爬虫是我们获取互联网数据的一个非常有效的方法,而分布式爬虫则是利用许多台机器协调工作来加快抓取数据效率的不二途径。分布式爬虫是由访问某些原始网址开始,在获取这些网址的内容后,根据某些规则从中提取出下一轮的爬虫网址。依此类推,直到将全部链接访问完毕或达到我们设置的某些限定方可结束。这里我们需要选定一个运算效率较高的机器作为master, 和一群正常的workers来协助。这个master要负责统筹url的爬取记录、去重和分配等任务,而workers则是通过同时请求不同网页来解决单台机器请求网页效率较低导致的时间瓶颈。这里,我们需要关注下面这几个方面:
Husky作为高效的大数据分布式计算系统,其python实现的PyHusky也非常适合用来实现这里的分布式爬虫的设计。

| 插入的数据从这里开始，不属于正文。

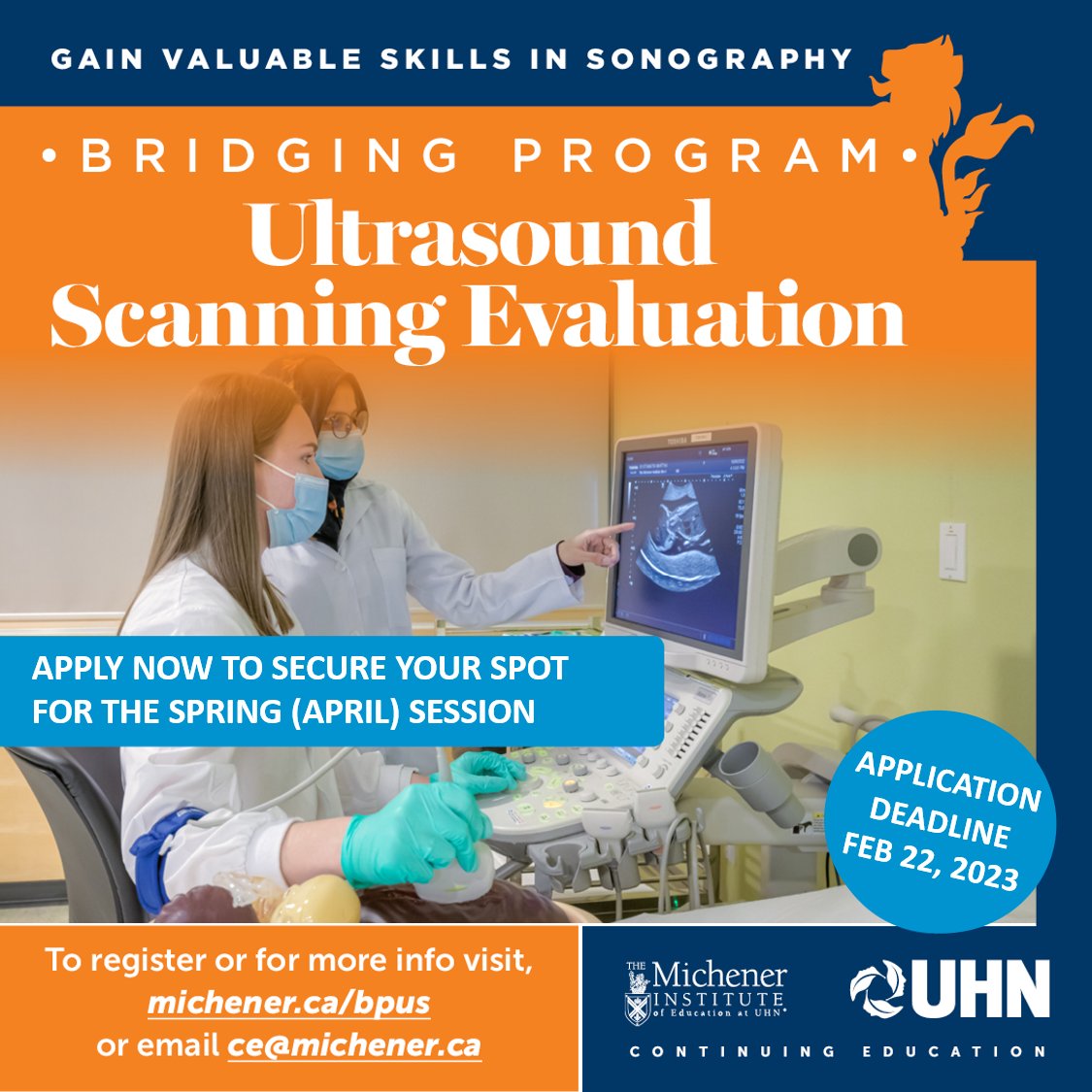 CEMichenerUHN's tweet image. Are you an internationally-educated #sonographer looking for a comprehensive program to build upon your skills and experience? Registration for our #UltrasoundScanning Evaluation ends February 22 - Apply now at: michener.ca/program/bpus/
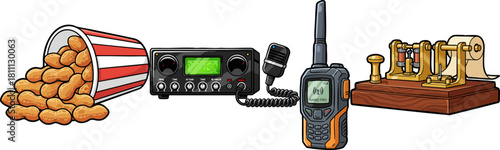 Vintage communication devices and snacks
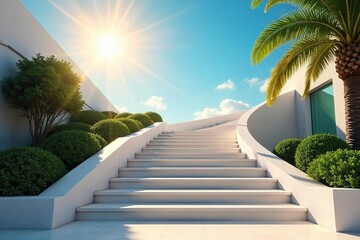 Ascending to Success Iconic Hollywood Stairway Leading to a Bright Sunny Sky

若是大家对爬虫基础了解不足或对PyHusky的使用不够熟悉,可以先查看前面的几篇博文:
首先,创建一个CrawlerConfig的类来实现爬虫初始化和相关规则的设定:
#crawler_config.py
import re
class CrawlerConfig:
def __init__(self):
# Time out after 10 seconds
self.timeout = 10
# Seed set of urls
self.urls_init = []
self.proxies = {'http': '127.0.0.1:8118',}
# urls that match these regex will be processed
self.rules_include = []
# after processing rules_include, urls that match
# the following regex will be dropped
self.rules_exclude = []
self.history = None
self.hdfspath_output = '/datasets/crawl/openrice/'
self.parse_handlers = dict()
#whether to use selenium
self.is_selenium = False
def set_rules_include(self, rules):
self.rules_include = [re.compile(rule) for rule in rules]
def set_rules_exclude(self, rules):
self.rules_exclude = [re.compile(rule) for rule in rules]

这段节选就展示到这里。